1. Defendant's Argument That His Conviction for Using a Firearm in
the Course of a Robbery Should Be Set Aside Because the Government
Failed to Produce the Gun Allegedly Used in That Crime
This firearm issue raised by defendant was rejected by the Third
Circuit in United States v. Beverly, 99 F.3d 570 (3d Cir. 1996). In that
case, the defendant was charged with two counts stemming from an armed
robbery of a postal letter carrier. On appeal, the defendant challenged
the sufficiency of the evidence to convict him of using a firearm in the
commission of a violent crime — the "chrome-plated" revolver
allegedly used by the defendant was never recovered and the only evidence
presented regarding the firearm charge was the testimony of the robbery
victim. Id. at 571. The victim testified that he saw the gun on two
different occasions — when the defendant first stopped him and
while riding in the back seat of the defendant's car — and that he
was in "close proximity to [the defendant] while [defendant] brandished
the weapon." Id. at 573. The Third Circuit held that the victim had
"ample time to view the weapon while he was in the defendant's car," and
that his testimony provided sufficient evidence for a jury to conclude
that the defendant utilized a firearm in the commission of the robbery.
In this case, two witnesses testified that they saw Smith in possession
of a "shiny, silver" firearm — Tate testified that the firearm
Smith used in the course of robbing her was a "shiny, silver" handgun;
Jenkins testified that she often saw Smith carrying a "silver"

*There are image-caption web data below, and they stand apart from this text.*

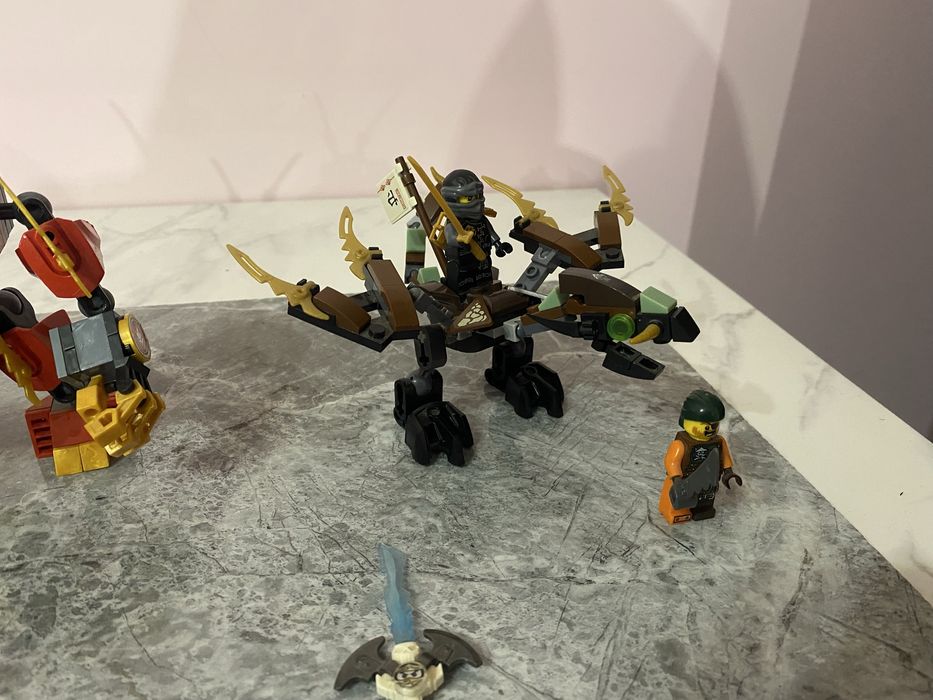 Lego Ninjago Set 70599 70500 Аналог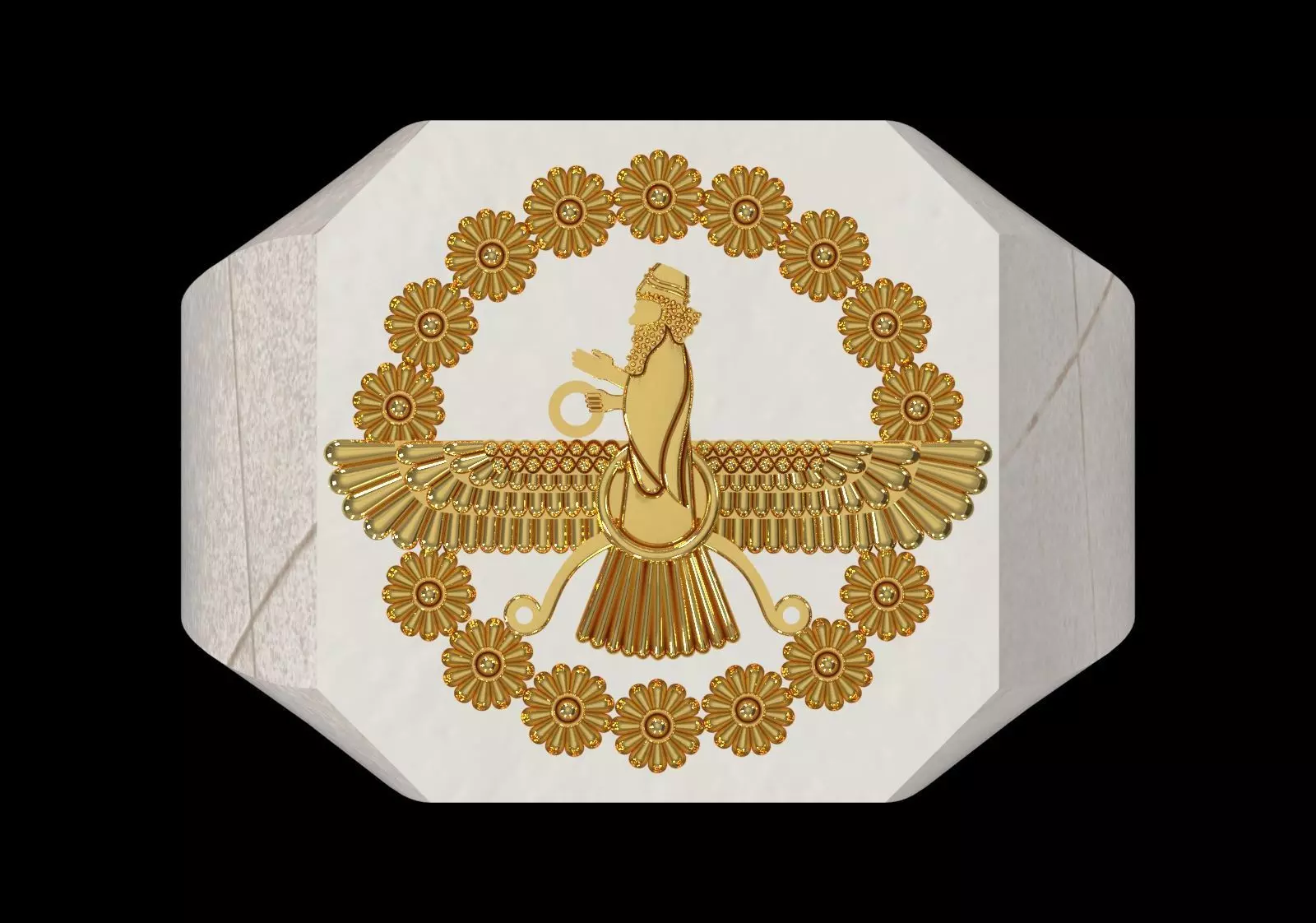 The Faravahar Heritage STL 3D Collection _32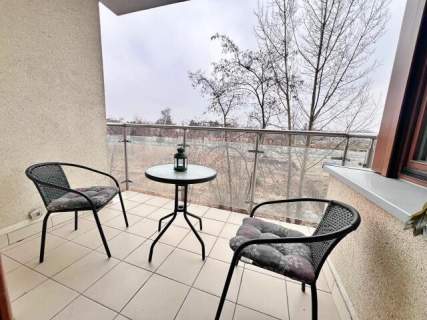 Komfortowe 2 pokoje z balkonem i garażem - Belvedere Park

semi-automatic pistol. The testimony of Tate and Jenkins is sufficient
evidence to support Smith's firearm conviction under
18 U.S.C. § 924(c). See id.; see also Parker v. United States,
801 F.2d 1382, 1383 (D.C. Cir. 1986), cert. denied, 479 U.S. 1070 (1987)
(upholding a conviction under 18 U.S.C. § 924(c) arising out of a
bank robbery where the gun was never recovered and the only evidence
offered by the government as to its existence was the testimony of two
bank employees that the defendant carried a gun with which he threatened
to "blow their heads off").
As stated above, petitioner failed to raise this firearm claim on
direct appeal and he has not shown cause for this procedural default.
Moreover, because the claim is without merit, petitioner has failed to
show prejudice. This argument for § 2255 relief is thus denied.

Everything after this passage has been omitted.